Duff’s influence was crucial.

“In 20 years’ time I will still call him gaffer,” Moylan explains. “You can feel yourself getting better and stronger because of the work he does. Mentally stronger too, you learn to deal with the demands he puts on you and you want more of that.

“You want the responsibility and feel good when he is on your case to give more because it makes you feel like you have more to give.

“You are the one who has to rise to that, you have to do the work but the manager is the one who guides you,” he continues. “There have been so many times when he will stay back with me after training for 20-30 minutes doing certain movements with the ball, timing runs and understanding when to move when certain players have the ball.

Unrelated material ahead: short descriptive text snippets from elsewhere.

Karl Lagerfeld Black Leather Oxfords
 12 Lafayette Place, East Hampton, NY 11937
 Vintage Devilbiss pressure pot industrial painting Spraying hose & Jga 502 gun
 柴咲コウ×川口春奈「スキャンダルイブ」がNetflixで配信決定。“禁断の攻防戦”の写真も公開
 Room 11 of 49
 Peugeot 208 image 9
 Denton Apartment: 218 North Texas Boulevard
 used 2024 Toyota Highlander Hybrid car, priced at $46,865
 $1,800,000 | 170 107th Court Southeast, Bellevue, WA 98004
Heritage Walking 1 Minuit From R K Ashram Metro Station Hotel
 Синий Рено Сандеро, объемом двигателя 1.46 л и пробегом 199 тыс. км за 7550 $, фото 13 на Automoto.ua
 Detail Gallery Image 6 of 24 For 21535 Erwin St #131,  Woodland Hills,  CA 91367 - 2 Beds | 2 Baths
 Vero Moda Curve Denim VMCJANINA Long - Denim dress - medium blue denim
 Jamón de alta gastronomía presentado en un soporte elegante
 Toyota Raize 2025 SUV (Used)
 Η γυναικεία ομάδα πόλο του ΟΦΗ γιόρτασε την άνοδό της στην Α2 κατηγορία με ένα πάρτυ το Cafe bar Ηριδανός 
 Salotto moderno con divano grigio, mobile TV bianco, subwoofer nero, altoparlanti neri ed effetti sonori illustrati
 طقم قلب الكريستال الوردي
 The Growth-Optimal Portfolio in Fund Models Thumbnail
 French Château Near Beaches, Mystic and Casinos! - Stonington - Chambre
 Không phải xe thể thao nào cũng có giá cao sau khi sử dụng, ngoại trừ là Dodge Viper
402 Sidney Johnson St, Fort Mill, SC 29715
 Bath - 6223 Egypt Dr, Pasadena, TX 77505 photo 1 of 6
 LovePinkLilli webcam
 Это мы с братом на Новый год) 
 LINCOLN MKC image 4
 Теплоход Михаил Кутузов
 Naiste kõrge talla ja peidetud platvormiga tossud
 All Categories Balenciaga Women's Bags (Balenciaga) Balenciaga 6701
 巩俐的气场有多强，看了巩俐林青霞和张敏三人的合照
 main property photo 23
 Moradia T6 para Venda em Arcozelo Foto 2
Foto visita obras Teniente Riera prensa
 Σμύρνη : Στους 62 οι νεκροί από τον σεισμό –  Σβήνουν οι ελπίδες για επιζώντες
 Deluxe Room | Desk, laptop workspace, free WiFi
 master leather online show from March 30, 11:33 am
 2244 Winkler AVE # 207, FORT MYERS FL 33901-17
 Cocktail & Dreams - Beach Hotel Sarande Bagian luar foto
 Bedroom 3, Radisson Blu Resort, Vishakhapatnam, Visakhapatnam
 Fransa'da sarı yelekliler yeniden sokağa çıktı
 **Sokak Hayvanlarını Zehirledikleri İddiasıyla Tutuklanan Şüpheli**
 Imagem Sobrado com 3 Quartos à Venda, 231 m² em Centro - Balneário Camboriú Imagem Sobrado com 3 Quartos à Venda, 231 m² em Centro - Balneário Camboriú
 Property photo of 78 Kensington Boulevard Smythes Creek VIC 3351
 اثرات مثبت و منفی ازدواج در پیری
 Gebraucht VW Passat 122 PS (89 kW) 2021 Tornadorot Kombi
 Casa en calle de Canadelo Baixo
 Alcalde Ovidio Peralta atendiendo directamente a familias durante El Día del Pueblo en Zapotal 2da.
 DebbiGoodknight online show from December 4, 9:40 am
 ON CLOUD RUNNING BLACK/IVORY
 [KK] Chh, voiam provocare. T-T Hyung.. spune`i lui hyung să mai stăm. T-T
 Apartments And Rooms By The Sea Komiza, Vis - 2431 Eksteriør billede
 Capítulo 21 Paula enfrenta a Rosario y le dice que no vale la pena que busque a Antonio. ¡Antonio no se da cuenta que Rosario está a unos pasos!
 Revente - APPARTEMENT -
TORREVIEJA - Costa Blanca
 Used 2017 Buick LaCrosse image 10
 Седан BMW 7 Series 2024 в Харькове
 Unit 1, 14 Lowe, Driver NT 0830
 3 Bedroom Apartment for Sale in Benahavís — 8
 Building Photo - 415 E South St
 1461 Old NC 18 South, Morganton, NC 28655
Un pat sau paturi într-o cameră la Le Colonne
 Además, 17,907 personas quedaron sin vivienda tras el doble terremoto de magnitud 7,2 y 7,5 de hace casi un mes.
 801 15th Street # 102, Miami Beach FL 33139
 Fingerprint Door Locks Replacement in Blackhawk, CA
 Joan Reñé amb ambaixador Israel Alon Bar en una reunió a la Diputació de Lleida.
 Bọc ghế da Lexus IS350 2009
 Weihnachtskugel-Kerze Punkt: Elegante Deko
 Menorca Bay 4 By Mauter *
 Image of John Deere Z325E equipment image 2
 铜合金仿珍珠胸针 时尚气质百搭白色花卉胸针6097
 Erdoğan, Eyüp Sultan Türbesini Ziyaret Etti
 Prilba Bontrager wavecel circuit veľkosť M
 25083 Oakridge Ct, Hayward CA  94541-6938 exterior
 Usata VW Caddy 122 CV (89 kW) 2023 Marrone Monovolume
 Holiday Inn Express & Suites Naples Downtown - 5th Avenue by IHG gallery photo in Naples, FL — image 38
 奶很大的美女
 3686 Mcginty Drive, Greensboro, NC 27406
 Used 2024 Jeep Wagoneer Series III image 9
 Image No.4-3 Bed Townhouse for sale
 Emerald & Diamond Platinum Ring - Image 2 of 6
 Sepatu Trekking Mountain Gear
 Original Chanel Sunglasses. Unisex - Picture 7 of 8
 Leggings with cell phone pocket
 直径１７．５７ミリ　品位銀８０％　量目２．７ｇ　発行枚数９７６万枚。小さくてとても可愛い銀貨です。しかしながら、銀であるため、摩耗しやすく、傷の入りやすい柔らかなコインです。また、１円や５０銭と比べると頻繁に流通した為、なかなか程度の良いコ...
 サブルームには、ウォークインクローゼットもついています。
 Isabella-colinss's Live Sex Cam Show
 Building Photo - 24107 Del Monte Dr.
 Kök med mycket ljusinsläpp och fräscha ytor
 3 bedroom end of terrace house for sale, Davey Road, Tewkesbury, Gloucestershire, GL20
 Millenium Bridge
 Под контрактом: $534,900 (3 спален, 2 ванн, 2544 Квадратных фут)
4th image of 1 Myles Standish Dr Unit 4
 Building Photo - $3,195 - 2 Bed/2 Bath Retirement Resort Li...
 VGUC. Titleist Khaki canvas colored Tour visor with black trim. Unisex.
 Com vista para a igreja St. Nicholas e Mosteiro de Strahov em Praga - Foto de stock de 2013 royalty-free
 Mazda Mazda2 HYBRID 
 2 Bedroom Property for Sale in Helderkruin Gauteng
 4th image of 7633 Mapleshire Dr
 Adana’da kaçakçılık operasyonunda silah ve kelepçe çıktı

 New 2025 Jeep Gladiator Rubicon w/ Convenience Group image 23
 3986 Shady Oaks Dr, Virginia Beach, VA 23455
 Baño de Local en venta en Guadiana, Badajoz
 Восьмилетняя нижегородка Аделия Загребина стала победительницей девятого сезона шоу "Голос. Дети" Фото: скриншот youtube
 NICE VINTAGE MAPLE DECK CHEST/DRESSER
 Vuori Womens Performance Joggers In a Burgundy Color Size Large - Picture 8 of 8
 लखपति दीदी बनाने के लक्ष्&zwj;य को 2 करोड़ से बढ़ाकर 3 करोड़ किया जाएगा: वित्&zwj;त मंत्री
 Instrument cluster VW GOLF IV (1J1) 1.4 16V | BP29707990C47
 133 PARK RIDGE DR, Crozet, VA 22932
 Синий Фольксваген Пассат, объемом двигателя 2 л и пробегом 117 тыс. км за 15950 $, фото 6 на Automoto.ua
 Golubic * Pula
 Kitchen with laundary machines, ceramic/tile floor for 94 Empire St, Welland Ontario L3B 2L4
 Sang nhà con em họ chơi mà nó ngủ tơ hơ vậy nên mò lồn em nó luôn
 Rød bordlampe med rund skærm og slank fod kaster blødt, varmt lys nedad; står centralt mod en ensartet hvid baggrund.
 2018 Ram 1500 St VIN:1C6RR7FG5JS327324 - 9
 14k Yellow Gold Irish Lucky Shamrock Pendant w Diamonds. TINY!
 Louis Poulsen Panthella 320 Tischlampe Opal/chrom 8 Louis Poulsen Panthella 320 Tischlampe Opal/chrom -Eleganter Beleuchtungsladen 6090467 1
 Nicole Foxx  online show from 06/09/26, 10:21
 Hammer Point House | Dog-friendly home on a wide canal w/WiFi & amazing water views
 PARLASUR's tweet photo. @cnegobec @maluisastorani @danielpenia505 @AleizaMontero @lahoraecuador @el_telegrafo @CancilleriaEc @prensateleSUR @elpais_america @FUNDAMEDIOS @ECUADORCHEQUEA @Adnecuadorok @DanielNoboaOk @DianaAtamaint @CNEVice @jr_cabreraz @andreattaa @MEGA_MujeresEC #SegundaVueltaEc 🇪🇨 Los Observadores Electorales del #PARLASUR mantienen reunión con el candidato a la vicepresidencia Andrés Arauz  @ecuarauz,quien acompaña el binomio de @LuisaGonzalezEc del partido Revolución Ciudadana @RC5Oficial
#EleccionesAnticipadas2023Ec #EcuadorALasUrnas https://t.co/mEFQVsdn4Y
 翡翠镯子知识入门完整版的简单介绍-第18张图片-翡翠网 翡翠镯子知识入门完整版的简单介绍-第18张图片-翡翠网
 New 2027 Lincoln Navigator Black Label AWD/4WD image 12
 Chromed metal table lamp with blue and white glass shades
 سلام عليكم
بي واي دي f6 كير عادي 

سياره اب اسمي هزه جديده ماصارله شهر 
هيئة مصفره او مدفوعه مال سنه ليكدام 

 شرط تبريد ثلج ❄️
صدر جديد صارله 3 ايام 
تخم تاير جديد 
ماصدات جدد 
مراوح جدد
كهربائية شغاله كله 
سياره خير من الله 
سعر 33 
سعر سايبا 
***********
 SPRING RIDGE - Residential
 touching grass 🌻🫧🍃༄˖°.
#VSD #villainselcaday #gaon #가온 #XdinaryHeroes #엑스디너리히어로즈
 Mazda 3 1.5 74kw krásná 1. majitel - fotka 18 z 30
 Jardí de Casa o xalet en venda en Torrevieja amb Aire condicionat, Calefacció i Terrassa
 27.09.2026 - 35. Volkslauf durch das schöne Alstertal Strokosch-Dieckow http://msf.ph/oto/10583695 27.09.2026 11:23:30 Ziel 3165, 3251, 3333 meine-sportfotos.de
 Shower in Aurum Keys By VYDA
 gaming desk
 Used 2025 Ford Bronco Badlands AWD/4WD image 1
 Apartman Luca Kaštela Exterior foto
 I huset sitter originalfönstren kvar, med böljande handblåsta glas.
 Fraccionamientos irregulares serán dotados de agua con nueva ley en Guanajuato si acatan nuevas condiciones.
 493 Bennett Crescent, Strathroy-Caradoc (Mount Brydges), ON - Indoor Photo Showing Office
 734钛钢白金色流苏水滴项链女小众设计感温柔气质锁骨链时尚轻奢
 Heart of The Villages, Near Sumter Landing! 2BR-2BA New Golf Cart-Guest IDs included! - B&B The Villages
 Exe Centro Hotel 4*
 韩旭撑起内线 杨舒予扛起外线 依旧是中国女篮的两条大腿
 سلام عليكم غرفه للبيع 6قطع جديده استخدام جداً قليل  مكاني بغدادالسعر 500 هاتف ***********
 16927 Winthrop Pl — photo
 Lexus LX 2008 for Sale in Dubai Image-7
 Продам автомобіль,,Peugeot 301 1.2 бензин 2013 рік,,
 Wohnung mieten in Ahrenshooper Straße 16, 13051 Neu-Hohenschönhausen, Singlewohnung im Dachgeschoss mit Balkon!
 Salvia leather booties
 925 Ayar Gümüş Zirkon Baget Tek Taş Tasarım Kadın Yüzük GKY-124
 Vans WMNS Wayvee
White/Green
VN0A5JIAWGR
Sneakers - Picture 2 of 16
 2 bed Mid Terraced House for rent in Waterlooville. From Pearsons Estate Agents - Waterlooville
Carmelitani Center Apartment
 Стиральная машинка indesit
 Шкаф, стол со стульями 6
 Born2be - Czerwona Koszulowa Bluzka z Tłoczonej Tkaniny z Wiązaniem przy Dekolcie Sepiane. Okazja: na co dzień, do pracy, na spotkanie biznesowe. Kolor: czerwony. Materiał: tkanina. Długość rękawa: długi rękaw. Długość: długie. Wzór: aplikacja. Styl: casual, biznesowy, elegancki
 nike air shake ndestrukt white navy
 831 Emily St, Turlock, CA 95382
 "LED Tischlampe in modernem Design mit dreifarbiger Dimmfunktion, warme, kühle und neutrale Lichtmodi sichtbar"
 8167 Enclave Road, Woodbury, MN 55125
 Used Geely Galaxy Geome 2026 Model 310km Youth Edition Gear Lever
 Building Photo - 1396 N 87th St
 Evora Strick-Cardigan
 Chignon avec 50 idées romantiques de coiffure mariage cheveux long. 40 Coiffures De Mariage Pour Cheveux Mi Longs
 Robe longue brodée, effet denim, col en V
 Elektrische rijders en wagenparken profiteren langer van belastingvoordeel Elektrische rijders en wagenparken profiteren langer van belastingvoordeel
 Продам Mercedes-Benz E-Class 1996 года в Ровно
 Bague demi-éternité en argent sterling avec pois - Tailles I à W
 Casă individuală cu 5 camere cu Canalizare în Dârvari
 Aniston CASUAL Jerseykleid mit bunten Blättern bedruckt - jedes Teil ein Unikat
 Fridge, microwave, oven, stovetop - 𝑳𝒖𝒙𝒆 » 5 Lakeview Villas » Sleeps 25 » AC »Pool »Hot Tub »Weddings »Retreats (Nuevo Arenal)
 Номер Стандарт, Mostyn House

damien-duff-celebrates-jack-moylan-goal Damien Duff with Moylan (right) in the background. Ciaran Culligan / INPHO Ciaran Culligan / INPHO / INPHO

“He loves this certain dribbling technique where you bring the ball from behind you, you drag it with you. Eden Hazard used to do it. He showed me a clip when I did it terribly so the next Tuesday he had me and Jad Hakiki out punching balls into us, showing us how to do it.

“Then he’s getting right into us, pressing us, tackling us. No one sees that. He’s there struggling [with his hip]. He might be in a bad way but he is the type of manager who will happily be in pain to make you 1% better. You see him in pain but he wants to make you better. That is why players would do anything for him.”

Moylan is now ready to leave that behind and is excited at the prospect of his debut in English football.

“Improving and getting better is still everyone’s motivation in the league. Young players definitely view the League of Ireland differently now but the aim is always to kick on to the next level. My Dad (Brendan) was travelling home and away to all the Shels matches, giving lifts to my mates.

“He has a real connection to the League of Ireland now because of me. He loves it. He was a St Vincent’s GAA man before I was born. A lot of my family and friends are GAA heads but it was always football for me.”